Im not sure what caused it. If somehow I crossed the positive bias posts or if somehow the new tubes caused it. Anyone have any thoughts or suggestions?


----------



## nonreverb (Sep 19, 2006)

Destracted said:


> I have a tsl 100 made in late 2003 that ive owned around 5 years. They obviously have a reputation for runaway bias blowing tubes but its always worked perfectly, and i believe its the newest revision board. I bought a new set of matched tubes to replace what was in there, they are old and it will pop a bit when cold. I checked the bias before pulling them and both sides were a steady .081. I swapped out all the tubes and fired on the amp ready to check the bias again. I got no reading at first but after checking and rechecking and flicking the standy a couples times the amp started getting noisy and the 2nd PA tubes lit up like a bulb and made an audible pop. As a result the HT fuse blew. When I turn it on the 4 PA tubes do glow lightly, all the same from what I can tell but Ive had to order more fuses.
> Im not sure what caused it. If somehow I crossed the positive bias posts or if somehow the new tubes caused it. Anyone have any thoughts or suggestions?


Did all 4 start glowing bright?


----------



## Destracted (Aug 20, 2021)

nonreverb said:


> Did all 4 start glowing bright?


No, just the 2nd one. it happened really fast.


----------



## nonreverb (Sep 19, 2006)

I suspect it's defective out of the box. It happens occasionally.


----------



## Destracted (Aug 20, 2021)

nonreverb said:


> I suspect it's defective out of the box. It happens occasionally.


Ya, I was wondering about that. Ill try swapping them back and seeing what happens when the fuses arrive.


----------



## Latole (Aug 11, 2020)

Use a current limiter bulb lamp, you'll save fuse and make tubes ( and amp) tests easier.


----------



## Latole (Aug 11, 2020)

Destracted said:


> I checked the bias before pulling them and both sides were a steady .081.
> 
> Anyone have any thoughts or suggestions?

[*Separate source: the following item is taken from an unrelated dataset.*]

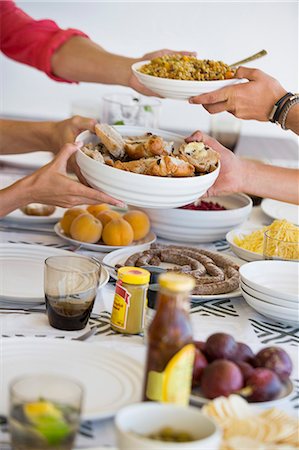 four hands - Friends having lunch at a dining table Stock Photo - Premium Royalty-Free, Code: 6108-06906781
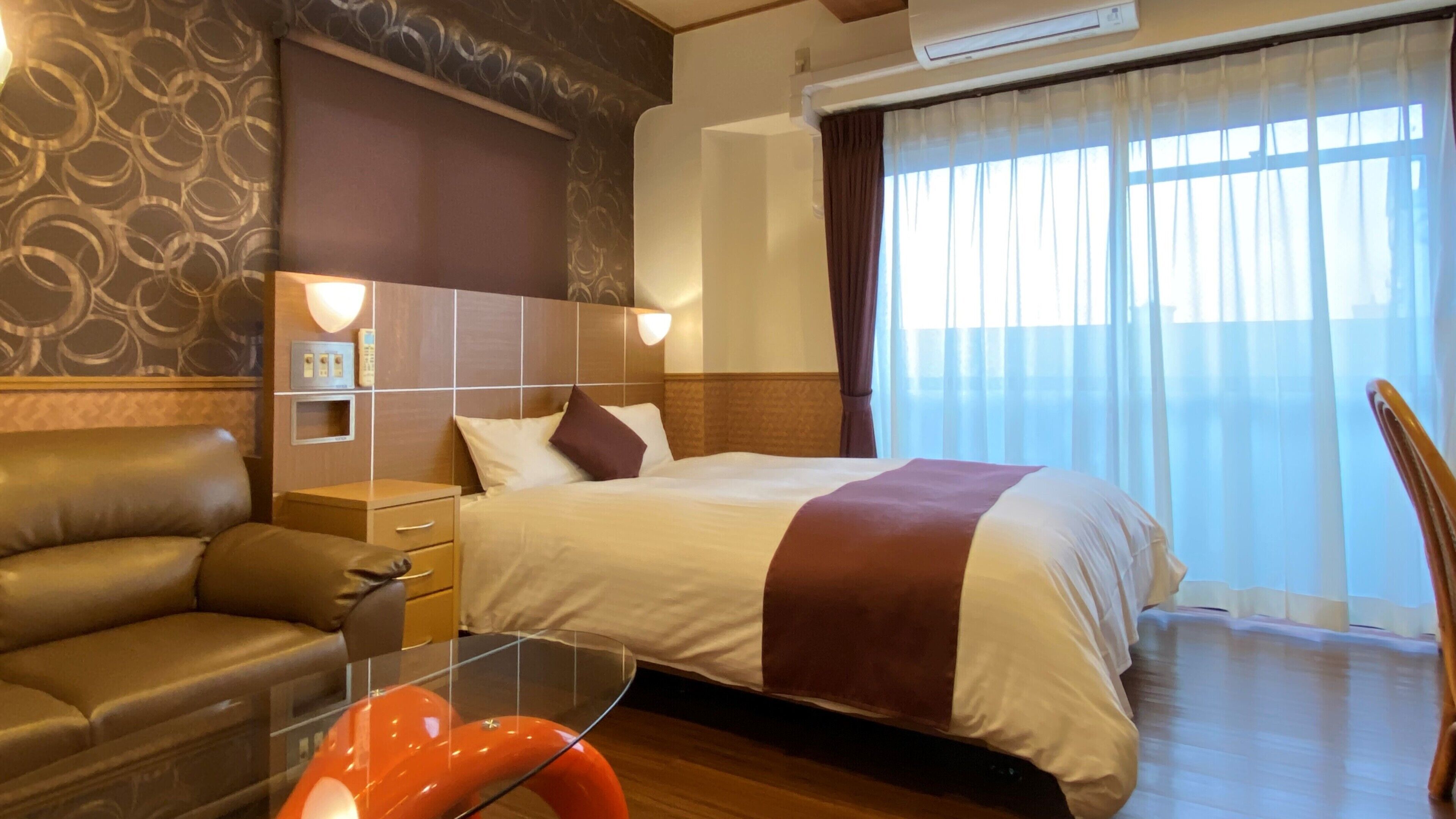 A hotel room with a bed, a desk, a chair, a nightstand, and a window with curtains.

0.81 ma at what plate voltage ? 

JJ EL34 specs ; 25 watts / tube
Bias should be not over 70% plate dissipation= 18 watts.
I like more 60% 
17.5 watts = Plate voltage X cathod curent ( 0.080 ma / 2 ) 
Or for two tubes; 
35 watts = Plate voltage X 0.080 ma ( your reading) 
35 / 0.08 = 437

Plate voltage must not be over 437 volts

Without knowing the plate voltage, the bias will only be approximate with its consequences


----------



## Destracted (Aug 20, 2021)

it might have been .0081 now that I think about it. its never been an issue, it doesnt even run hot.


----------



## Latole (Aug 11, 2020)

It is so easy to read plate voltage *if *you know what you do.


----------



## nonreverb (Sep 19, 2006)

Latole said:


> It is so easy to read plate voltage *if *you know what you do.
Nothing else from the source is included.